Information supplied:

....

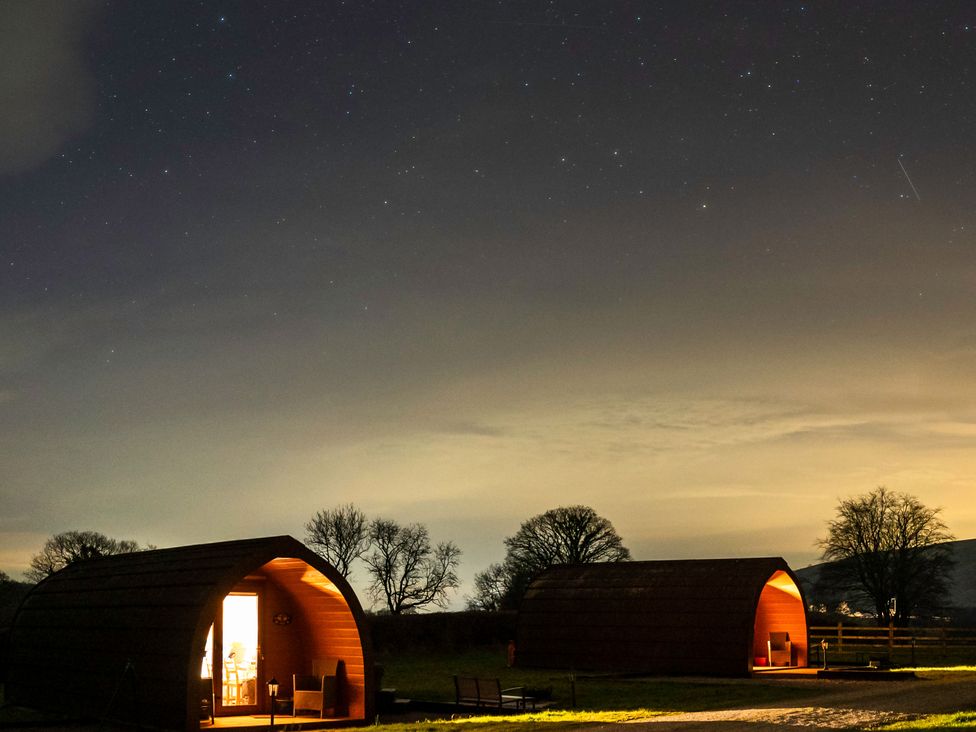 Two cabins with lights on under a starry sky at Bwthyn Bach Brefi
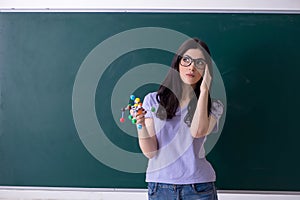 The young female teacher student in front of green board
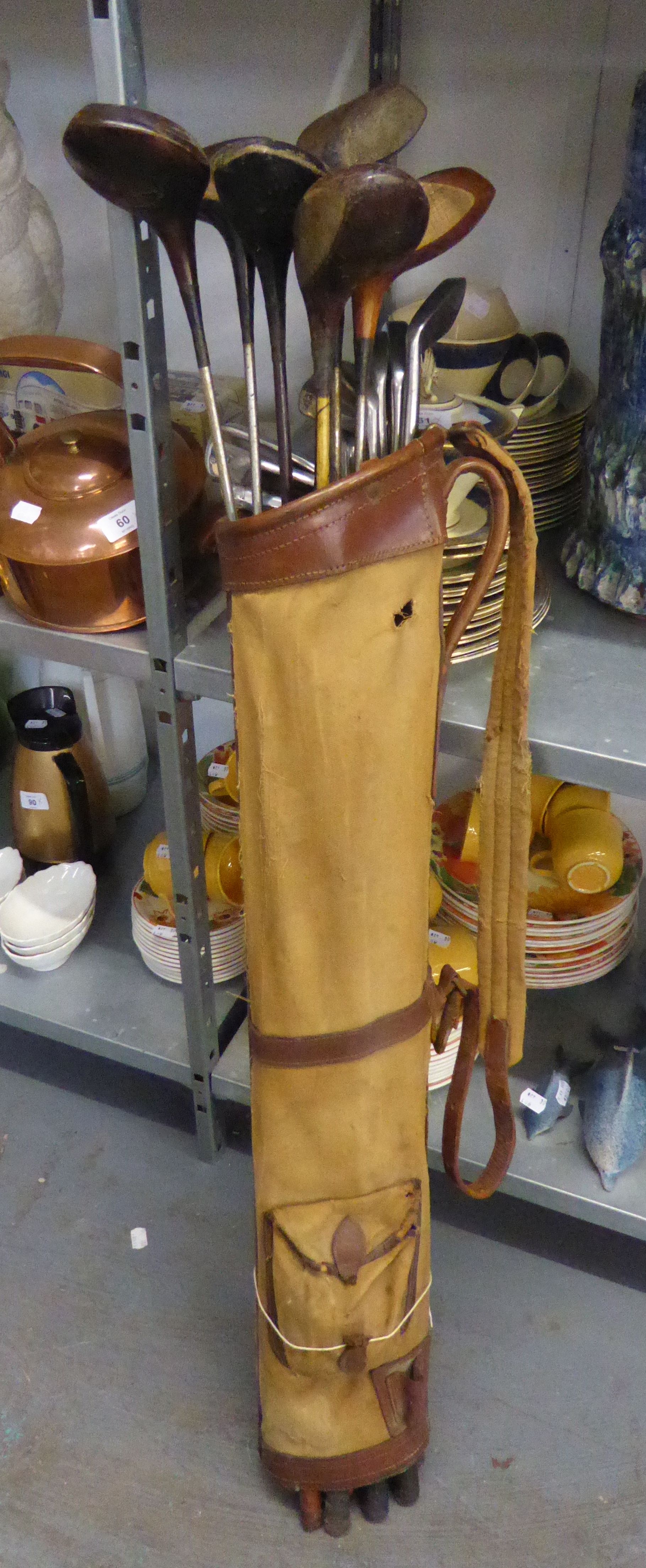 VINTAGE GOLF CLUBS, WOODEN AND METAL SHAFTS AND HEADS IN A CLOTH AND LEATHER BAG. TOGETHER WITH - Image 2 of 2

....

Assignment: Set down nothing but the lines from the one containing "The young female" to the final line above, both included, with every picture left out.

Written response:
 The young female teacher student in front of green board
 VINTAGE GOLF CLUBS, WOODEN AND METAL SHAFTS AND HEADS IN A CLOTH AND LEATHER BAG. TOGETHER WITH - Image 2 of 2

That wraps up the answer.